Until MGM Springfield started operation a few years ago, the only legal betting option for local people was the slots parlor of Plainville-based Plainridge Park Casino. However, the opening of MGM Springfield on August 24th, 2018 was much advertised back then, and researchers from the local gambling regulator said that so much publicity was dangerous to gambling addicts, who are more likely to be affected by gambling adverts and promotions than non-gamblers.
Referencing a finding of a 6-year study of problem gambling in the state, Research Manager Marie-Claire Flores Pajot noted that increased media attention and publicity combined with the aforementioned increase in problem gambling rates in Massachusetts, only to indicate that the deterioration happened because of the increased advertising in advance of the casino’s opening.

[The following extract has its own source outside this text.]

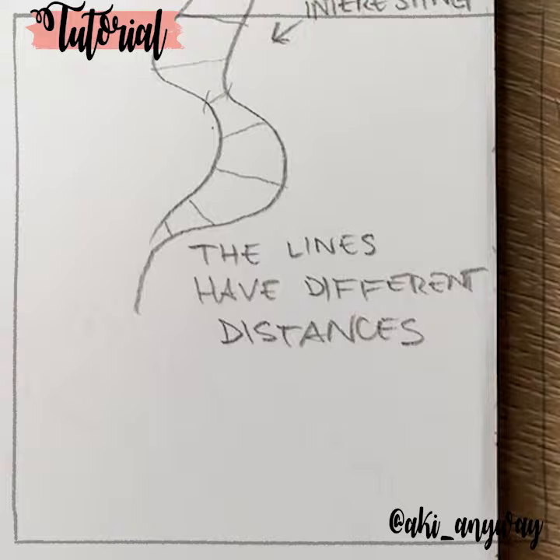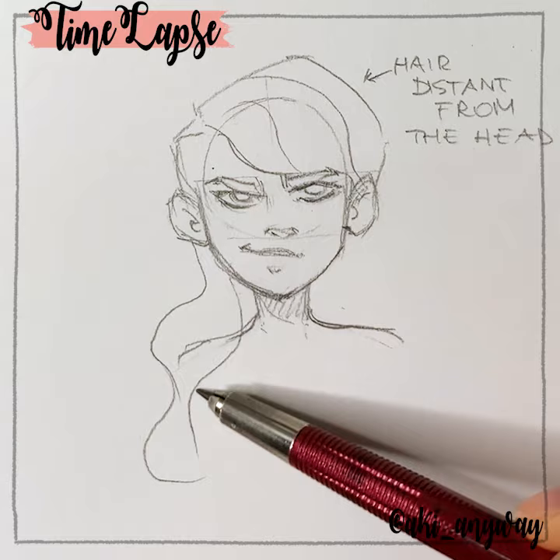When I draw the characters, I usually remember to draw the hair not too close to the head. It usually has some volume.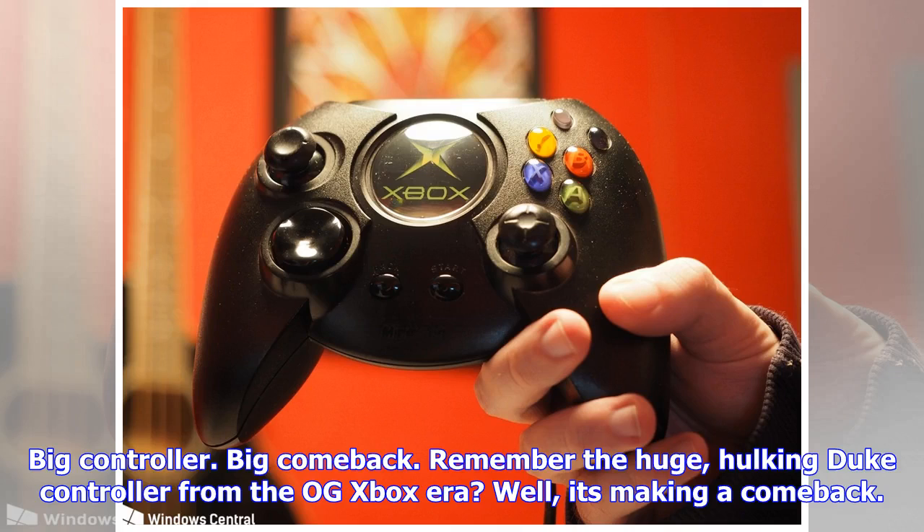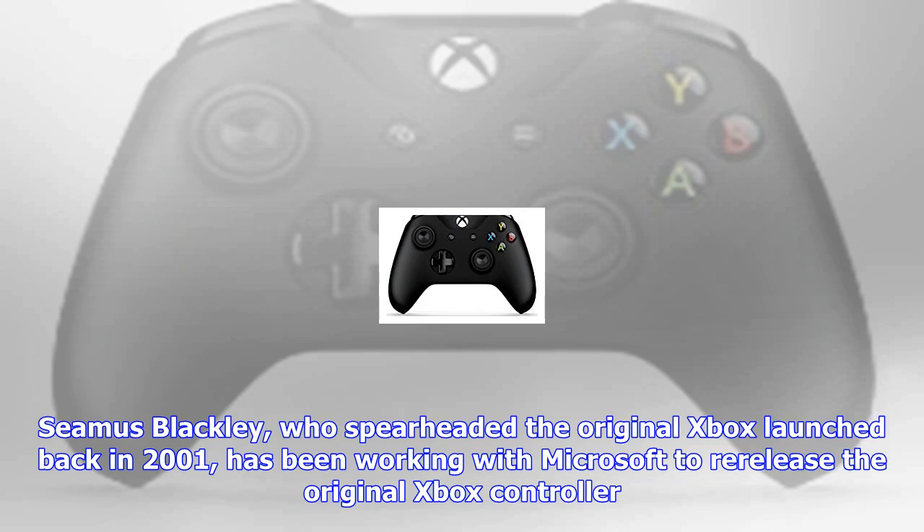Big controller. Big comeback. Remember the huge, hulking Duke controller from the Xbox era? Well, it's making a comeback. Seamus Blackley, who spearheaded the original Xbox launch back in 2001, has been working with Microsoft to re-release the original Xbox Duke controller.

The Commissioners of the state’s gambling regulatory body have signaled a significant interest in understanding the advertising practices of the local gambling sector that have faced criticism as irresponsible. The members of the Massachusetts Gaming Commission also noted they are interested in exploring regulations, many of which could overlap with the ones that already apply to casino gaming advertising so that the most vulnerable demographic groups and individuals are well protected against possible gambling-related harm.
White Paper Contains Suggestions for New Restrictive Measures on Gambling Advertising in the State
Cathy Judd-Stein, the Chair of the gambling regulator, shared that the move towards stricter regulation of gambling advertising was somewhat overdue in the state, especially at a time when advertising has been proliferating.
The research team of the Massachusetts Gaming Commission rolled out a white paper covering the current regulations for gambling advertising in the state. The white paper also offers an overview of a survey associated with gambling advertising and gambling addiction, as well as a number of a few more measures and strategies that could be considered by the regulator’s members.
The director of research and responsible gaming at the gambling watchdog, Mark Vander Linden, noted that in recent years, advertising practices of the gambling industry have spread across all verticals and utilize user-specific data gathered through various means, including social media. The problem is that gambling is not a risk-free activity and therefore additional measures may be considered by Commissioners to put some limits on these practices in order to minimize gambling-related harm.
The holders of the three gaming licenses in Massachusetts are currently banned from targeting individuals under 21 years of age with their ads. They are also not allowed to approach anyone, who has included themselves in the voluntary self-exclusion list of the Gaming Commission, with marketing materials. Furthermore, marketing or promotional materials are required to inform customers about where to seek help if they suffer from compulsive gambling behavior.
A number of additional measures to limit gambling advertising in the state are included in the white paper that was officially presented at the MGC meeting that took place at the beginning of the week – conducting further research on the impact of gambling advertising on the residents of the state; banning too frequent and intense advertising; requiring obligatory training for casino officials who are engaged in marketing and advertising; requiring a portion of the marketing and advertising budget of each gambling licensee to be spent on responsible gambling messaging.